Aliás, o erro continua e subsiste na teimosia dos humanos pois continua sendo sua grande aspiração; a ideia e criação do "algoritmo" que já se aplica na determinação de muitos casos práticos da vida corrente desperta cada vez mais a atenção dos novos educadores de massas; porque sendo este mais rápido, a "pensar" e determinar-se "digitalogicamente" segundo algoritmos pré-determinados, que o ser humano,  desse modo, obtém vantagem ao pensamento humano na determinação face a decisões complexas que implicam um número tão elevado de variáveis que torna impossível o seu acesso imediato e simultâneo ao cérebro humano.

Mesmo assim subsistirá, sempre, o criador do algoritmo que poderá vir a discordar com o processo de colocar o funcionamento automático de uma máquina que age de forma invariável, mecânica, perante casos diversos de alto risco, a substituir o comportamento do homem que reage e pensa, racional, lógica e  ponderadamente sobre cada caso específico. O algoritmo age irrefletidamente segundo um histórico pré-definido que só por excepcional coincidência será sempre o mais adequado para casos diferentes além de não refletir acerca de consequências da decisão automática que toma. A decisão por algoritmo não reflete acerca da relatividade do caso nem acerca da utilidade nem acerca de finalidade e consequências. Finalmente, nem mesmo o mais complexo equipamento algorítmico colocado na escola ou na informação para formatar o nosso comportamento segundo um sentido pré-definido, jamais, alguma vez terá total sucesso sempre, pois que nenhuma corrente de ações externas pode substituir a corrente interna de pensamentos inerente à natureza de cada indivíduo. Ainda mais rapidamente do que ao longo da história universal se repetiram as  convulsões, revoluções e mudanças sociais, estas se repetirão quando uma governação por algoritmos começar a decidir, continuamente, contra a vida e liberdade das grandes massas humanas de forma percetível e estas apreendam que são manipuladas por máquinas.
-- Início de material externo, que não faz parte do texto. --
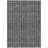 Chayden Washable Striped Indoor / Outdoor Rug-98188695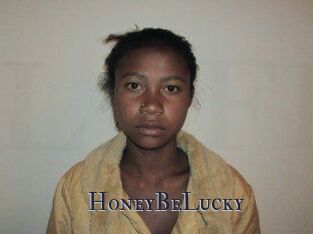 HoneyBeLucky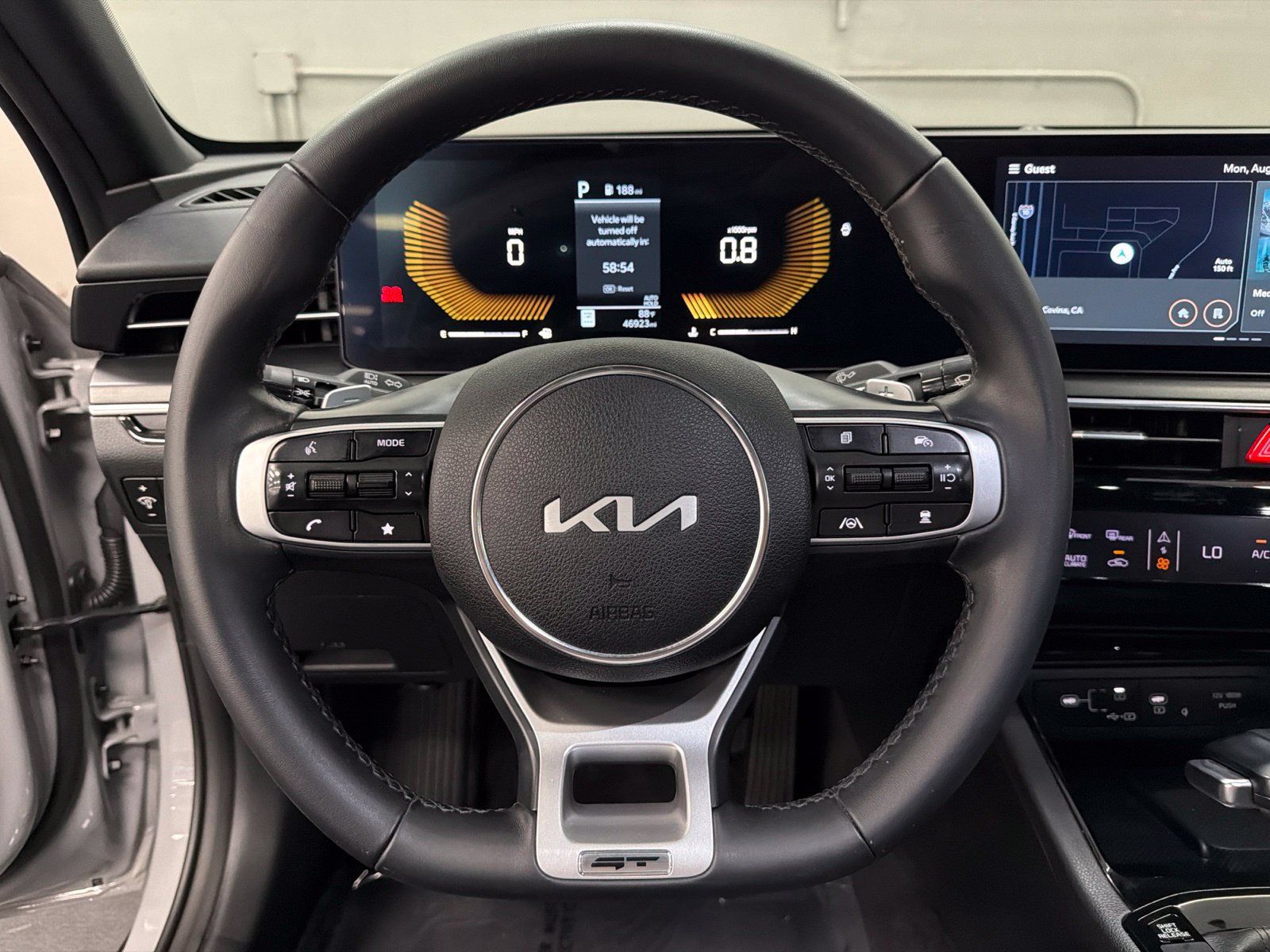 Used 2025 Kia K5 GT FWD image 26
A filosofia analítica de Russel e Frege, e depois com Wittgenstein, quis fazer equivaler o pensamento lógico ao processo lógico de equações matemáticas conciliando e terminando, de vez, com a discussão interminável entre física e metafísica, sensível e inteligível, contudo, outros novos pensadores viram nessa solução paradoxos que determinaram, para já, o seu abandono.
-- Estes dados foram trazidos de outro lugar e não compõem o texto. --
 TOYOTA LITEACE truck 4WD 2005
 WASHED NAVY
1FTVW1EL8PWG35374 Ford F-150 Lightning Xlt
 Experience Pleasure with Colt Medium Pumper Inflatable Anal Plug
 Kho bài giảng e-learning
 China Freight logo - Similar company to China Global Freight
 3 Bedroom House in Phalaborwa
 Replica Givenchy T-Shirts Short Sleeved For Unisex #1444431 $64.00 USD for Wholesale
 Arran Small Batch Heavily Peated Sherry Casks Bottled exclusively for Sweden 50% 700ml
Tudo indica que a ideia de que a gestão dos homens é, também ela, uma ciência exacta é uma utopia inalcançável tal como a imortalidade. Assim como, hoje, se sabe que não há almas carregadas de experiências de outras vidas a transmigrar entre seres vivos assim saberemos, também, que nunca haverá transmigração de correntes de pensamentos entre esses mesmos seres vivos. 

Até sabemos que quando alguém, no circo, nos faz "ver" a transmissão ou adivinhação de pensamento sabemos que tal é uma ilusão e chamamos a tal pessoa, um ilusionista.